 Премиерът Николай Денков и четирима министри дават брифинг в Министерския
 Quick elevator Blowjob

○ ○ ○ ○ ○

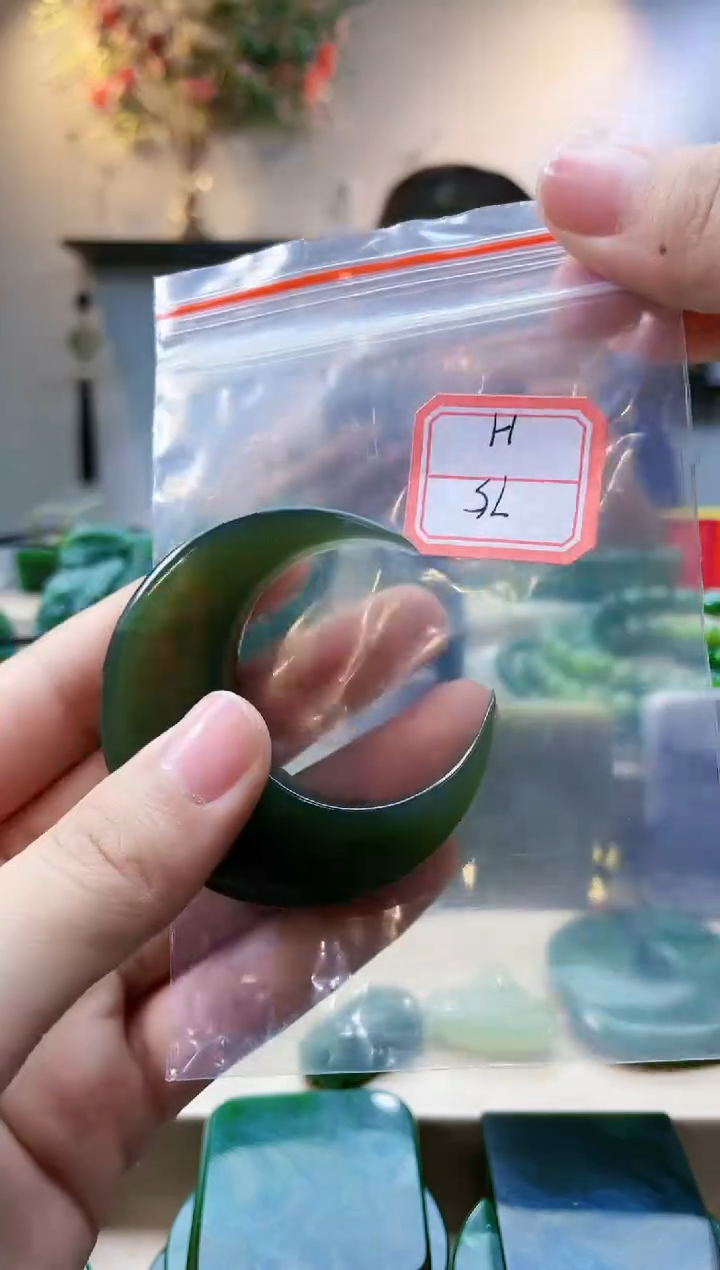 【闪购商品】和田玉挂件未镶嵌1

○ ○ ○ ○ ○

## EXERCISE INSTRUCTIONS
As listed above, the lines from the line with "Премиерът Николай Денков" to the line with "Quick elevator Blowjob" are to be echoed exactly, with both ends included and nothing added.

## RESPONSE FOR THIS EXERCISE
 Премиерът Николай Денков и четирима министри дават брифинг в Министерския
 Quick elevator Blowjob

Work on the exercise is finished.